Recentemente, Rodrigo Mocotó, chef do restaurante Mocotó, em São Paulo, expressou sua frustração com algumas críticas recebidas de clientes em avaliações no Google. Ele destacou que esses reviews, em certos casos, acabam afetando a pontuação verdadeira do estabelecimento, que deveria refletir as opiniões de quem realmente visita o restaurante e prova a sua comida. Mas bem antes da exposição recente, feita por outros tantos profissionais sobre avaliações – algumas irreais e outras, sem sentido – que seus respectivos restaurantes receberam na plataforma, na capital mineira um grupo virtual hospedado no Facebook funcionava em seus tempos áureos como uma plataforma de divulgação do suprassumo da insatisfação de clientes e aspirantes a críticos de gastronomia.
Batizada de “Restaurantes de Belo Horizonte”, a comunidade virtual se tornou um espaço onde as pessoas expressavam suas opiniões sobre estabelecimentos, chefs e comida, sendo são ouvidas e acolhidas.
Em 2018, entre os diversos comentários, um chamou a atenção: a crítica de uma usuária ao preço de um dos pratos servidos no restaurante Glouton – no caso, papada de porco com mil-folhas de mandioca, acelga e molho de laranja, que, na época, era vendido por R$ 74. 'Será que a gente tem um prazer sórdido em ser feito de trouxa?', questionou a cliente no grupo, sugerindo que o valor era abusivo para um prato preparado com um ingrediente – a papada de porco – que, naquele período, custava R$ 6,50 o quilo."

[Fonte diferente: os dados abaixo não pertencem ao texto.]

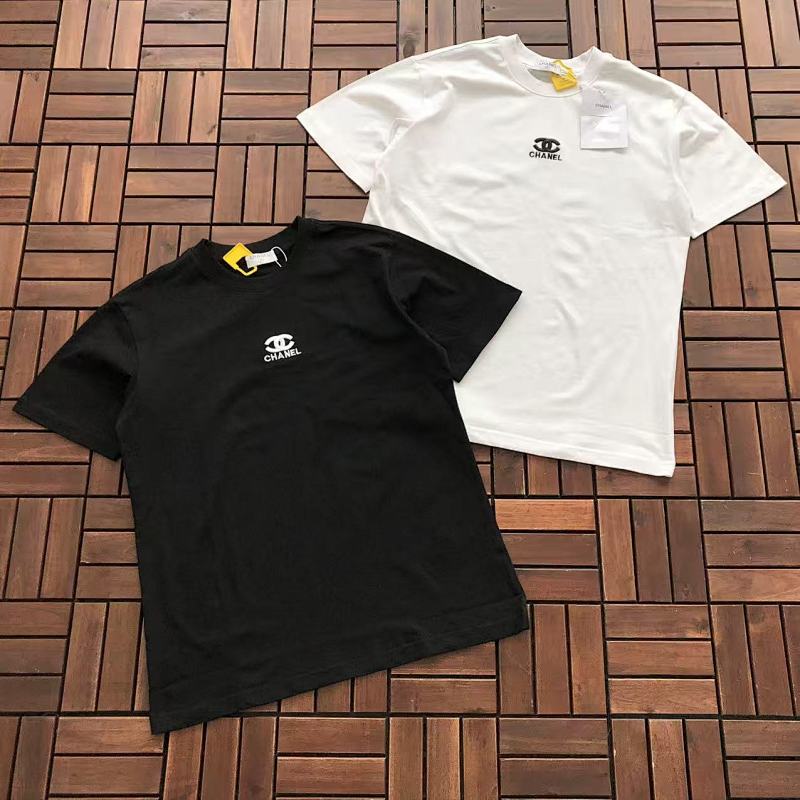CHANEL TSHIRTS (207)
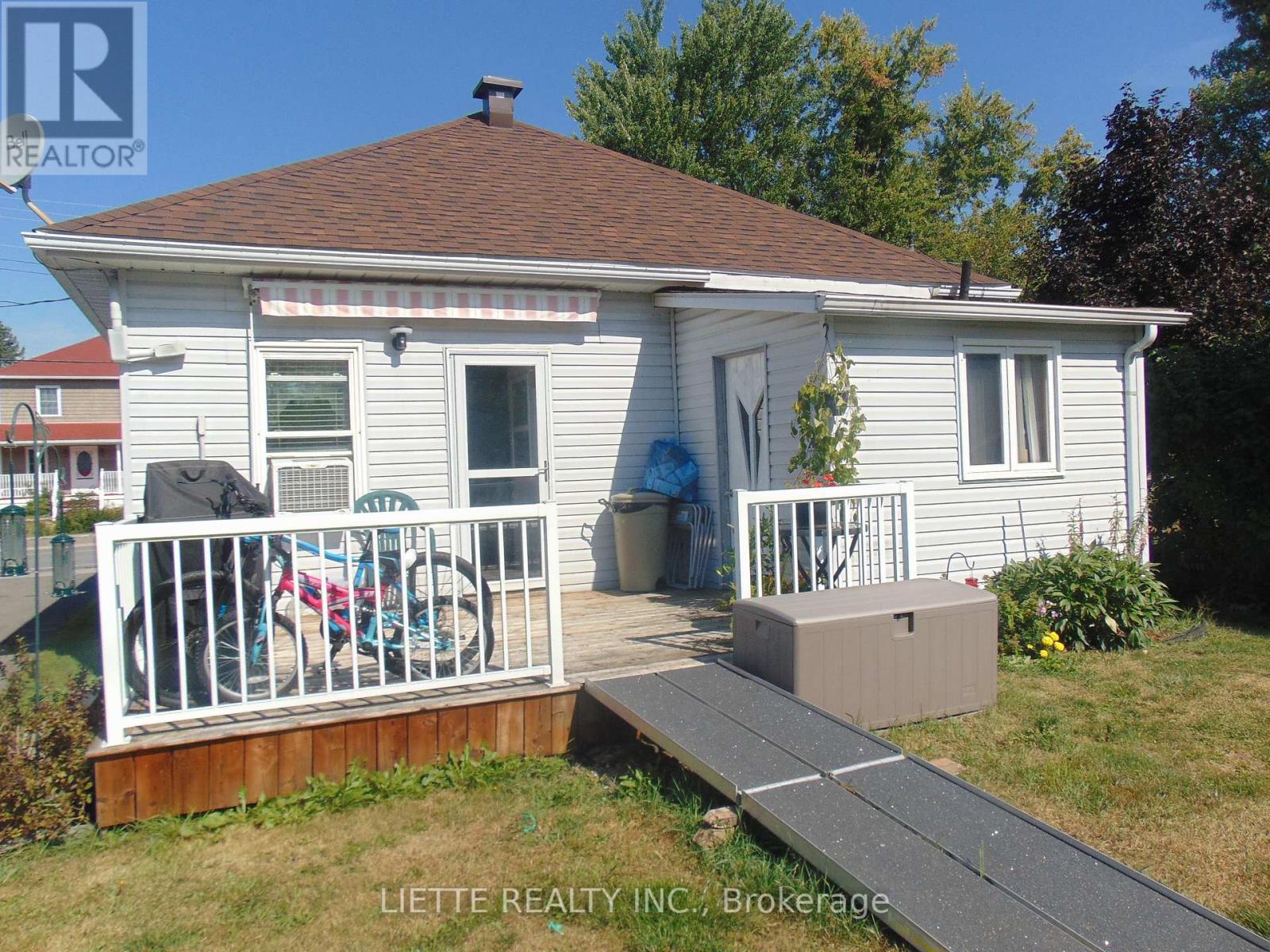 21968 Main Street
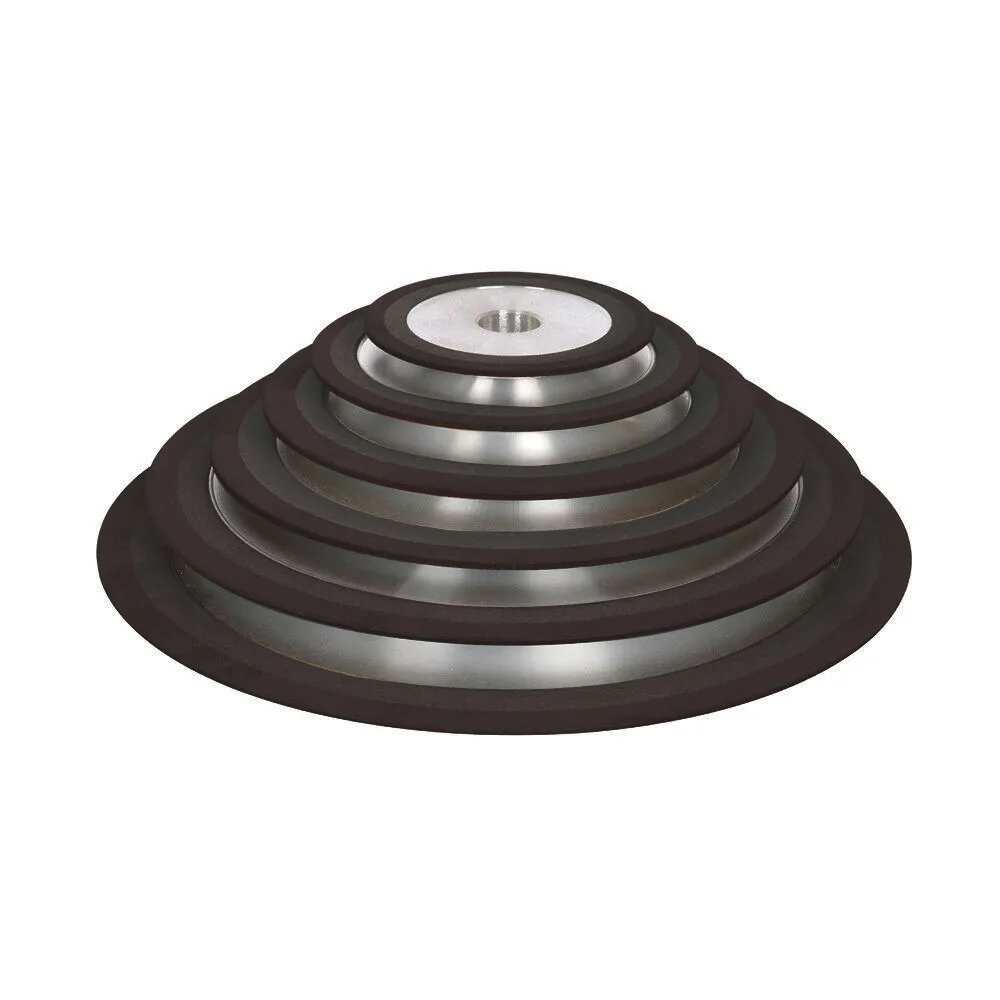 Diamond Grinding Disc Sharpening Black Diamond Wheel for Tungsten Steel Milling Tool Carbide Metal 75mm/100mm/125mm/150mm cutting disc,grinding disc,abrasive wheel,grinding wheel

O chef Leo Paixão, dono do estabelecimento, deu uma resposta que foi uma espécie de “sincericídio” sobre os valores gastos para manter um restaurante, bem como o processo de preparo do prato comentado, detalhando o tempo de trabalho exigido para limpeza e cozimento, que demanda muitas horas para ser feito. “Trocando em miúdos, do custo dessa papada pra mim, somente 1/3 foi de ingrediente”, disse ele sobre a receita que está há 11 anos no cardápio, desde a abertura da casa.

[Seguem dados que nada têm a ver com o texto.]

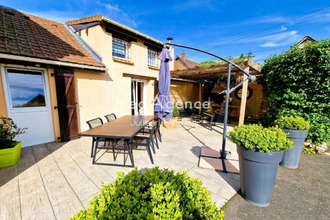 achat maison ablis 78660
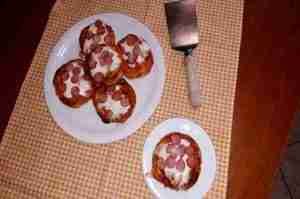 pizze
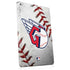 MLB Cleveland Guardians Game Ball Apple iPad Skin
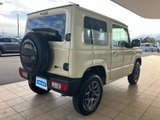ジムニー XC 4WD 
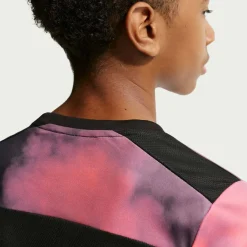 Academy + Dri-Fit Kinder T-Shirt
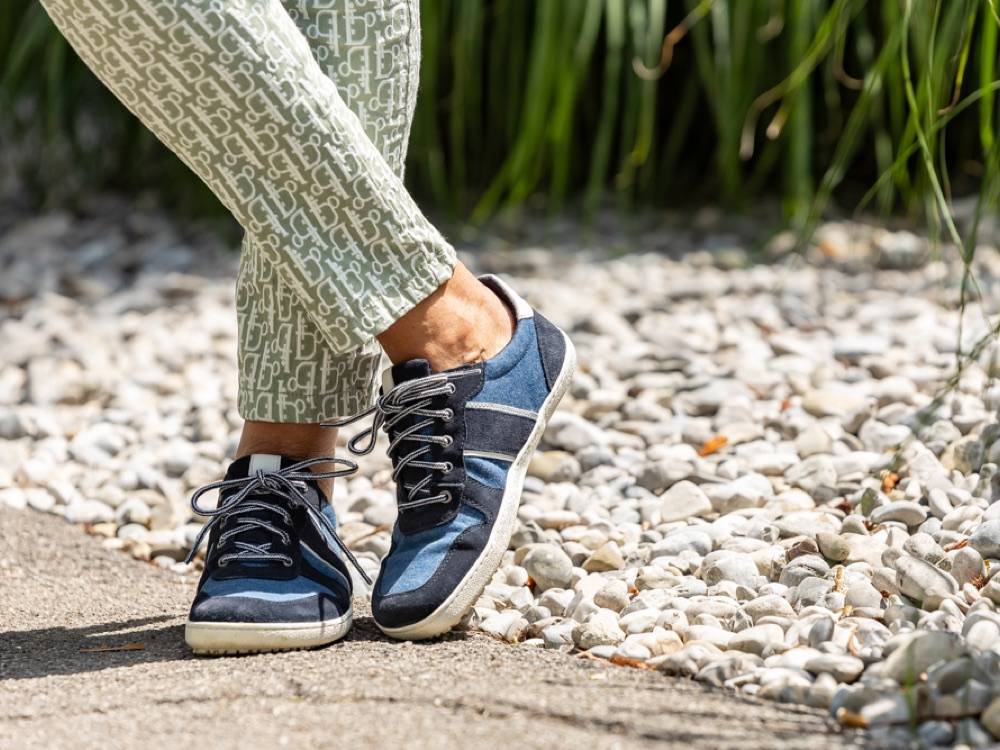 Sole Runner Pflegehinweise Für SOLE RUNNER® Barfußschuhe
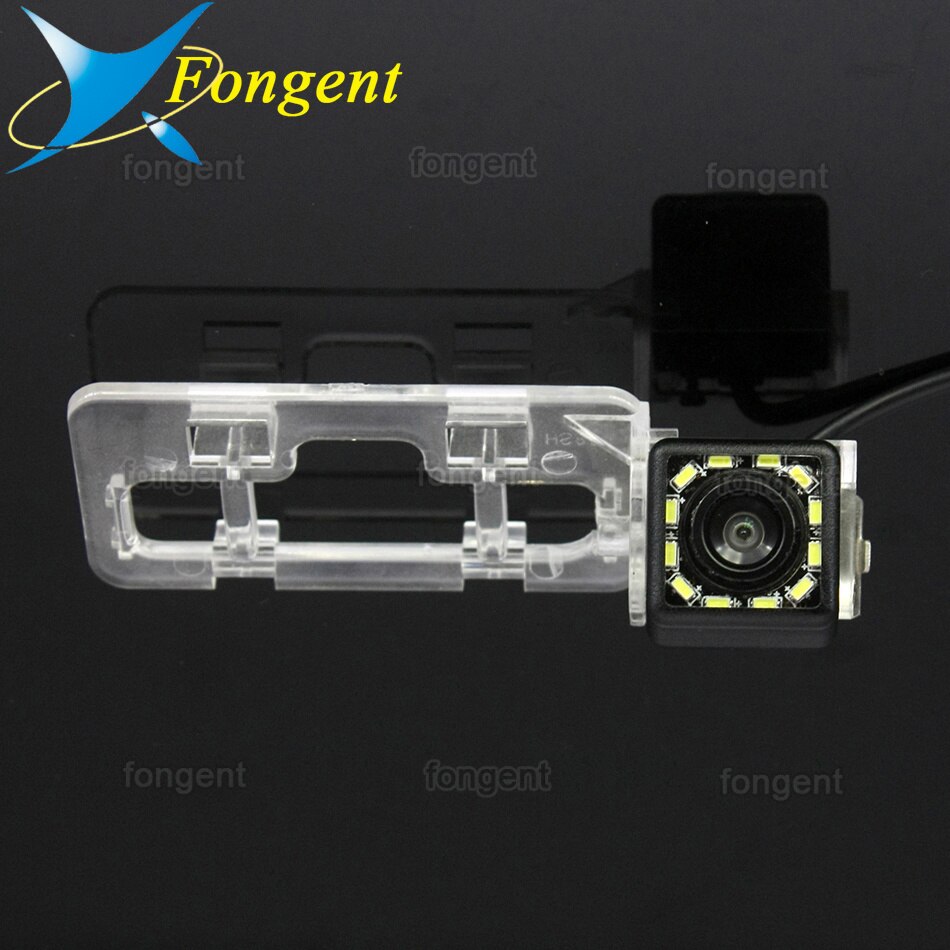 For Geely Emgrand EC7 EC718 Sedan Chinese Car Rear View Back off up Reverse Parking wireless Vehicle Camera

“Expliquei, na época, que o que o cliente paga é diferente de pedir o ingrediente no supermercado. É uma experiência. Hoje as pessoas têm uma compreensão maior sobre isso. Mas na época, há 10 anos, não era comum restaurantes refinados prepararem insumos simples com técnica”, comenta Paixão, relembrando o episódio que até rendeu mídia nacional.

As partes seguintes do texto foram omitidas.